### MATERIAL FOR THE TASK
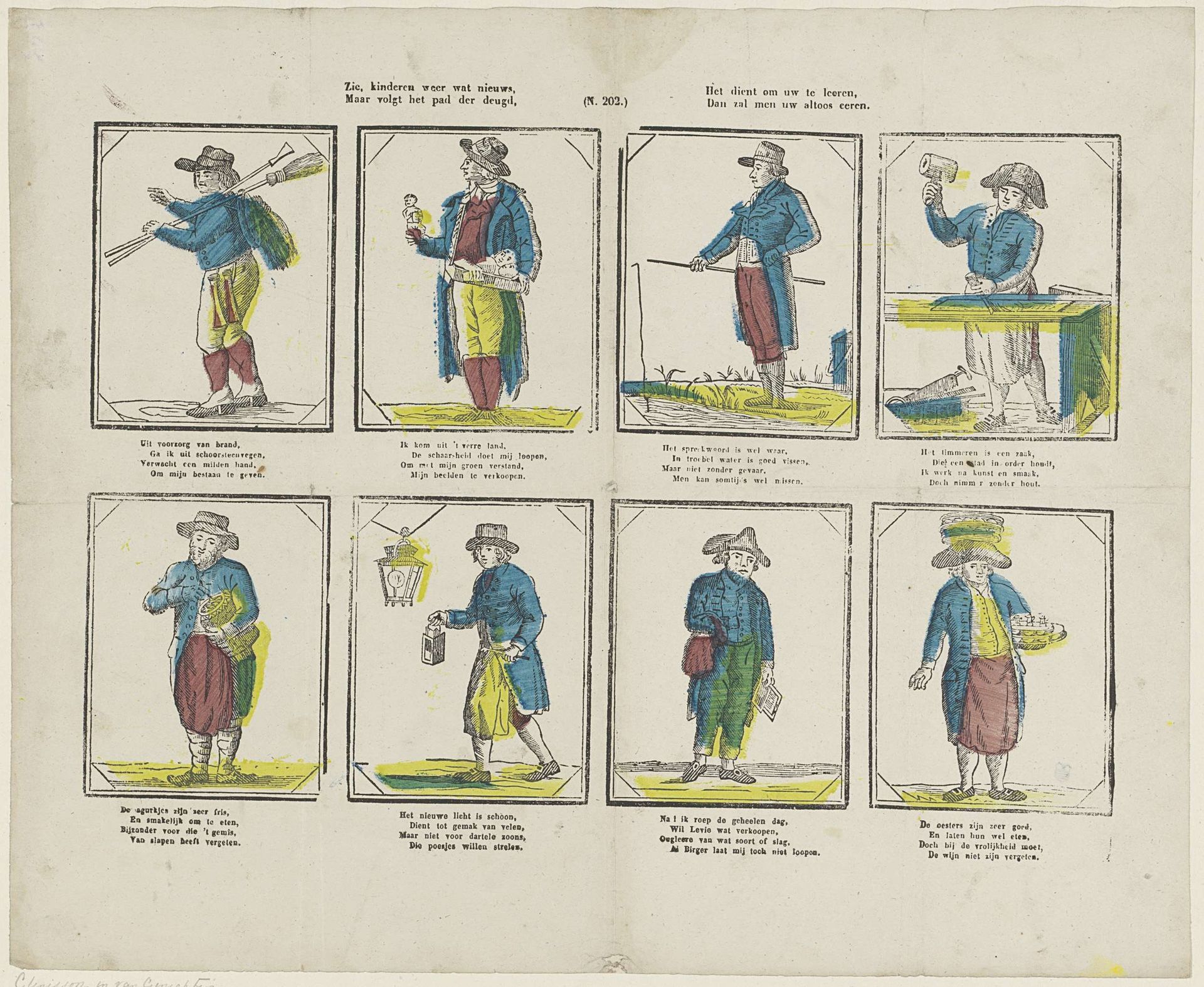 Zie, kinderen weer wat nieuws, / Maar volgt het pad der deugd, / Het dient om uw te leeren, / Dan zal men uw altoos eeren by Glenisson & Zonen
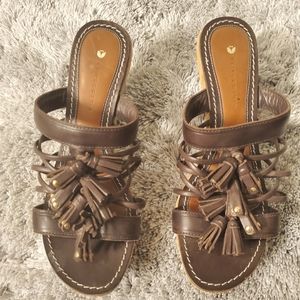 leifsdottir Brown Leather Tassel Wedge Sandals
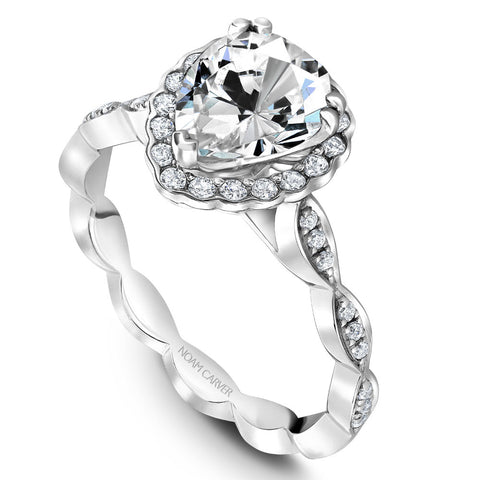 Noam Carver White Gold Halo Pear Shaped Diamond Engagement Ring Setting (0.29 CTW)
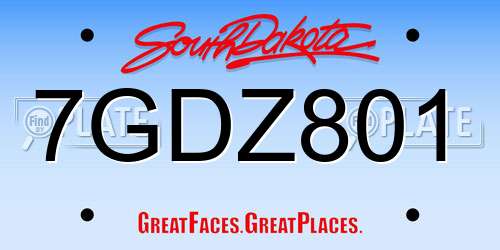 7GDZ801 South Dakota License Plate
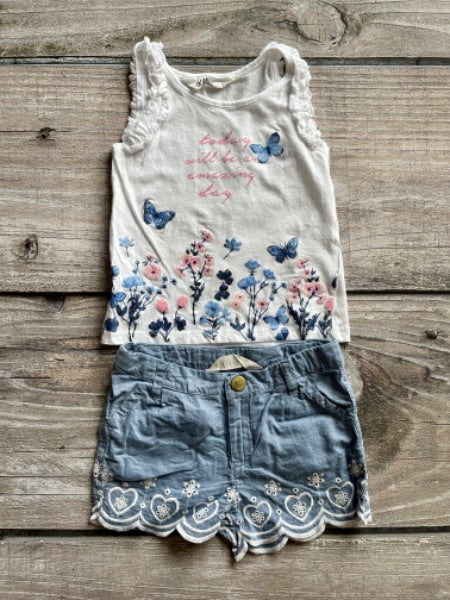 H&M size 2-4Y girls butterfly top and size 2-3Y chambray shorts outfit, Kids 4/4T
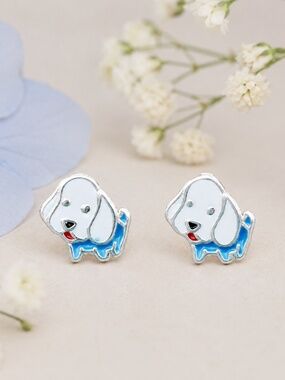 New Enamel Puppy Stud Earrings | Sterling Silver 925, Girls Earrings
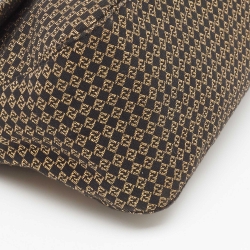 Pre Owned Fendi Gold/Black Printed Fabric and Leather Mini Mama Baguette Bag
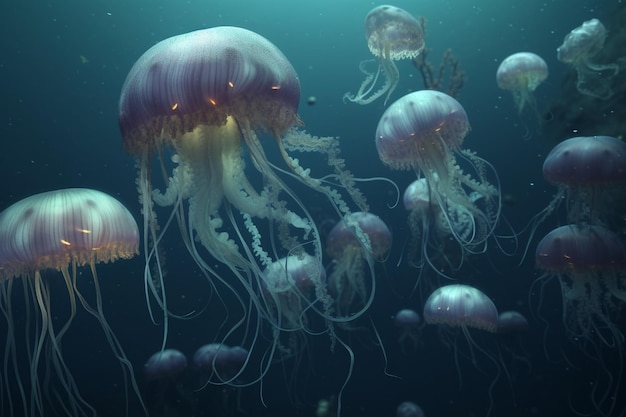Uma ilustração detalhada de um grupo de criaturas marinhas, como águas-vivas ou polvos, em um ambiente profundo e misterioso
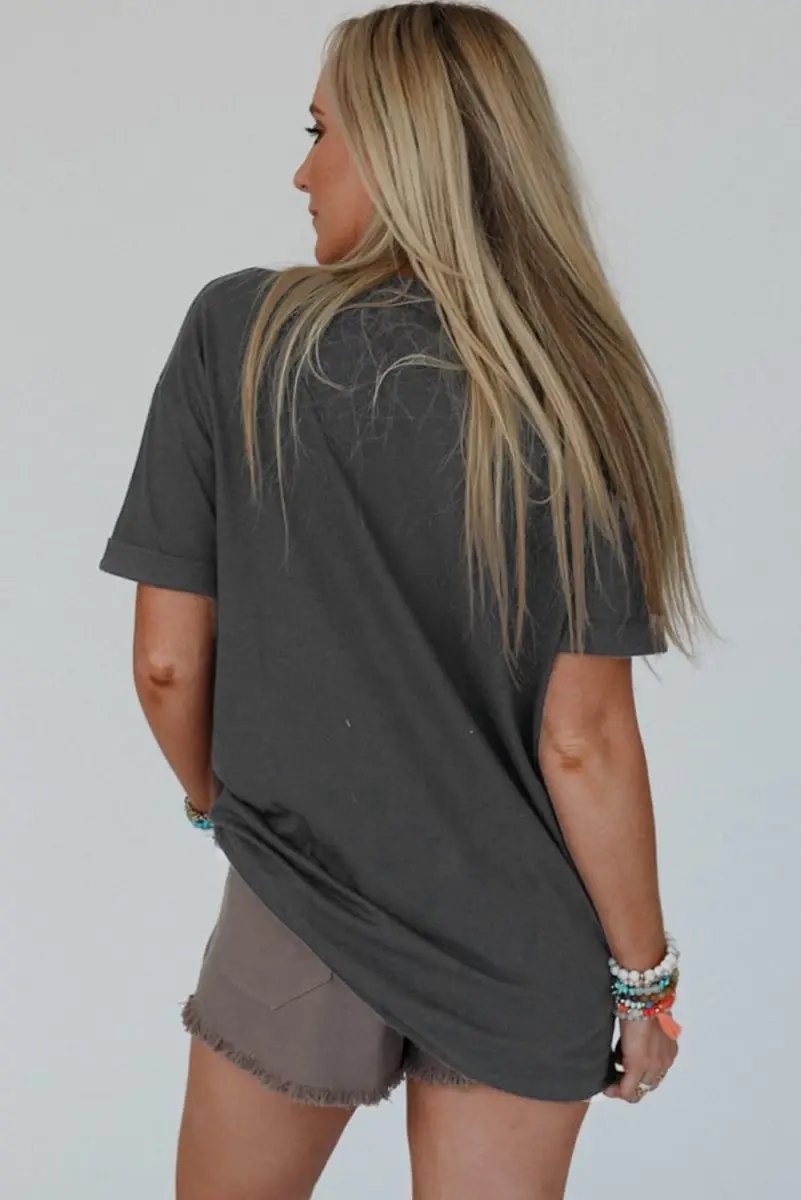 Love Salve Grey Cowboy Boots Graphic Tee Unisex Casual Summer Top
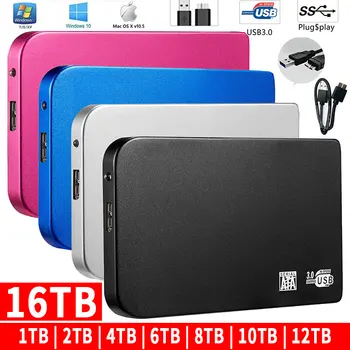 64 ТБ Портативные жесткие диски SSD Мобильные устройства хранения Высокоскоростные 16 ТБ 8 ТБ 4 ТБ 2 ТБ USB 3.1 Жесткий диск для ноутбука PS4 PS5 Настольный ПК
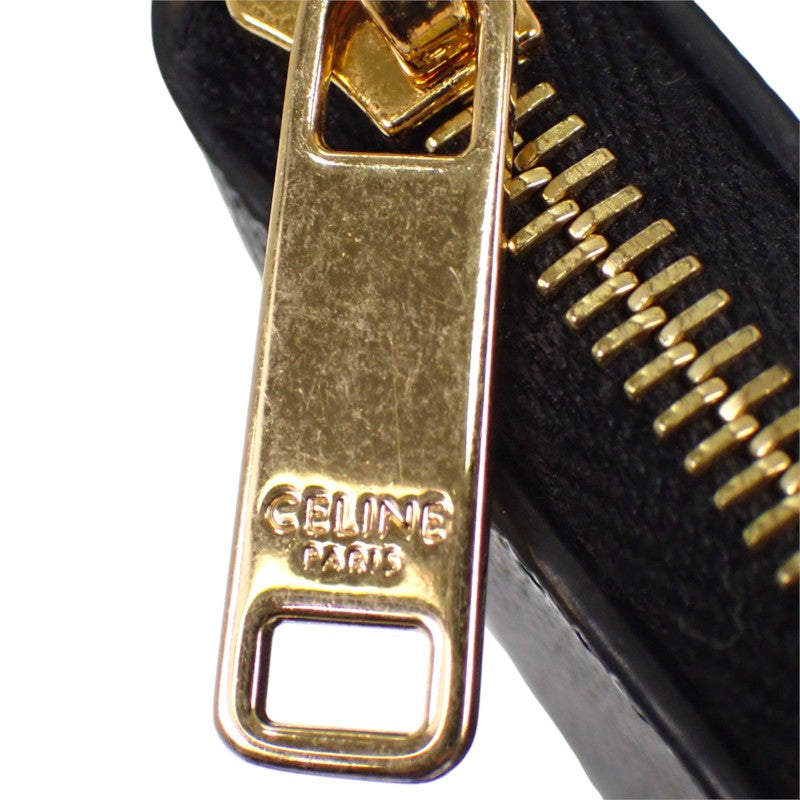 セリーヌ CELINE キーリング付き 10C662CA2.38NO コインケース ポリウレタン ブラック ゴールド金具 メンズ レディース【中古】【Aランク】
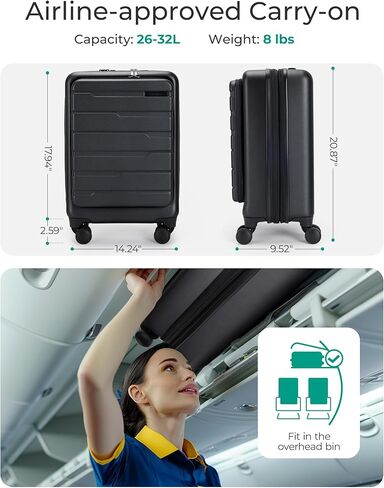 BAGSMART Expandable Carry On Luggage 22x14x9 Airline Approved, 20" Suitcases with Spinner Wheels,Charging Ports,TSA Lock, Hard Shell Front Opening Carry On Luggage for Men Women Travel Business,White in Saudi Arabia
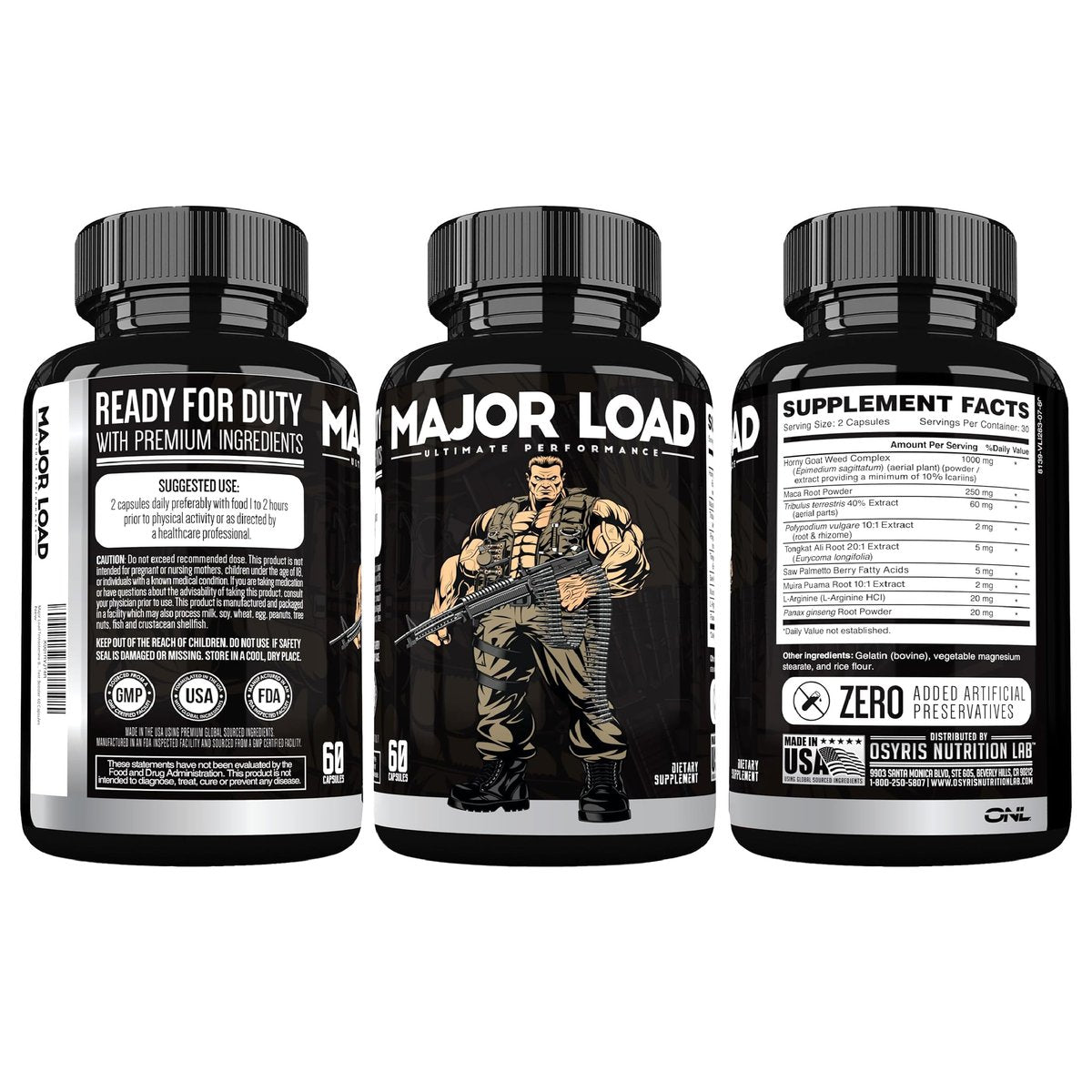 ONL Major Load Testosteron-Booster für Männer – Samenvolumen-Booster – Libido-Booster mit Horny Goat Weed, Maca Root, Tongkat Ali – Energie, Ausdauer & Kraft – 60 Kapseln, Nicht-GVO, Hergestellt in den USA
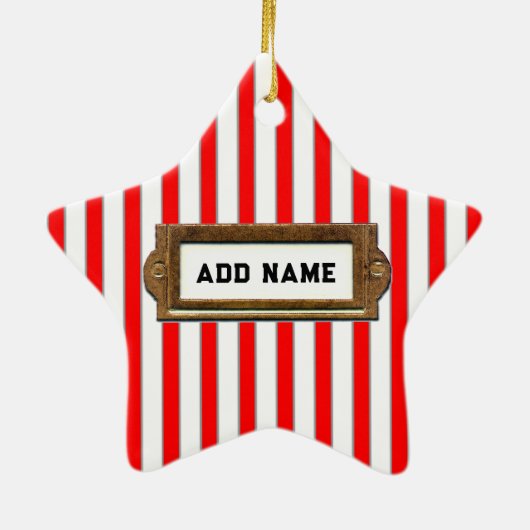 Gepersonaliseerd kerstfeest keramisch ornament (Achterkant)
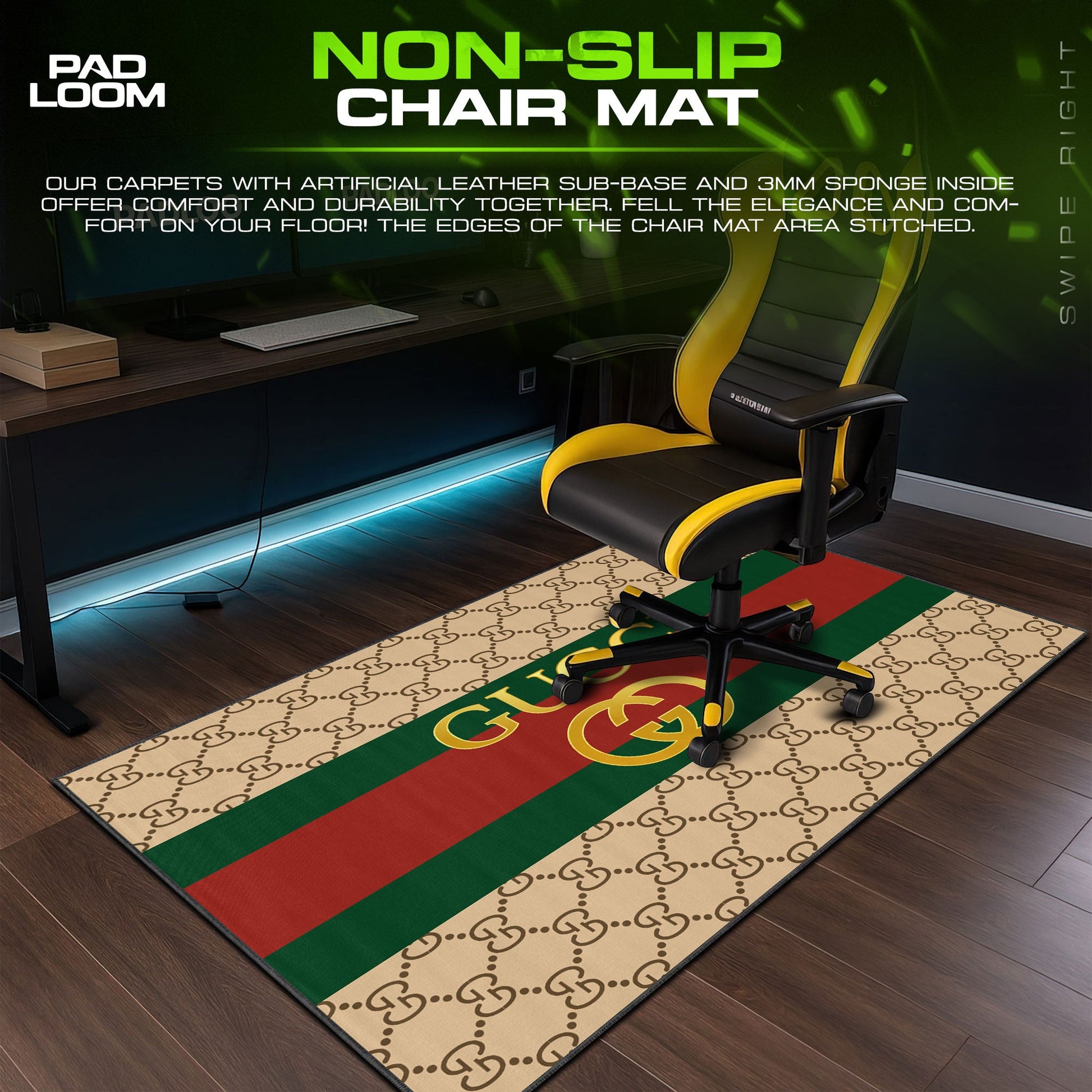 Luxury GG Mouse Pad - Red Stripe Designer Gaming Desk Mat Padloom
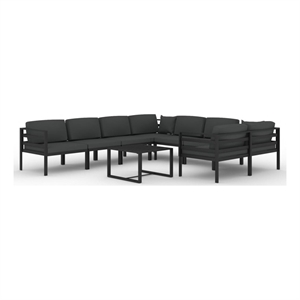 Afuera Living 9 Piece Aluminum Large Garden Lounge Set in Anthracite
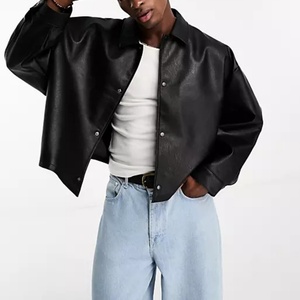 Veste en similicuir pour homme, coupe courte, boutonnée, grande taille, de haute qualité, vente en gros - Product Image 1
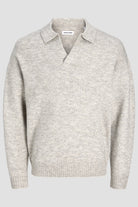 Jack & Jones Soho Ollie Knit Split Neck Light Grey Melange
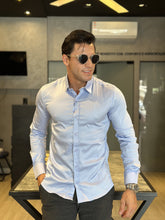 Camisa Social Manga Longa Azul Claro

### WHAT TO WORK ON
Give back the material word for word, without images.

### SOLUTION FOR THIS TASK
 Zie, kinderen weer wat nieuws, / Maar volgt het pad der deugd, / Het dient om uw te leeren, / Dan zal men uw altoos eeren by Glenisson & Zonen
 leifsdottir Brown Leather Tassel Wedge Sandals
 Noam Carver White Gold Halo Pear Shaped Diamond Engagement Ring Setting (0.29 CTW)
 7GDZ801 South Dakota License Plate
 H&M size 2-4Y girls butterfly top and size 2-3Y chambray shorts outfit, Kids 4/4T
 New Enamel Puppy Stud Earrings | Sterling Silver 925, Girls Earrings
 Pre Owned Fendi Gold/Black Printed Fabric and Leather Mini Mama Baguette Bag
Uma ilustração detalhada de um grupo de criaturas marinhas, como águas-vivas ou polvos, em um ambiente profundo e misterioso
 Love Salve Grey Cowboy Boots Graphic Tee Unisex Casual Summer Top
 64 ТБ Портативные жесткие диски SSD Мобильные устройства хранения Высокоскоростные 16 ТБ 8 ТБ 4 ТБ 2 ТБ USB 3.1 Жесткий диск для ноутбука PS4 PS5 Настольный ПК
 セリーヌ CELINE キーリング付き 10C662CA2.38NO コインケース ポリウレタン ブラック ゴールド金具 メンズ レディース【中古】【Aランク】
 BAGSMART Expandable Carry On Luggage 22x14x9 Airline Approved, 20" Suitcases with Spinner Wheels,Charging Ports,TSA Lock, Hard Shell Front Opening Carry On Luggage for Men Women Travel Business,White in Saudi Arabia
 ONL Major Load Testosteron-Booster für Männer – Samenvolumen-Booster – Libido-Booster mit Horny Goat Weed, Maca Root, Tongkat Ali – Energie, Ausdauer & Kraft – 60 Kapseln, Nicht-GVO, Hergestellt in den USA
 Gepersonaliseerd kerstfeest keramisch ornament (Achterkant)
 Luxury GG Mouse Pad - Red Stripe Designer Gaming Desk Mat Padloom
 Afuera Living 9 Piece Aluminum Large Garden Lounge Set in Anthracite
 Veste en similicuir pour homme, coupe courte, boutonnée, grande taille, de haute qualité, vente en gros - Product Image 1
 Jack & Jones Soho Ollie Knit Split Neck Light Grey Melange
 Camisa Social Manga Longa Azul Claro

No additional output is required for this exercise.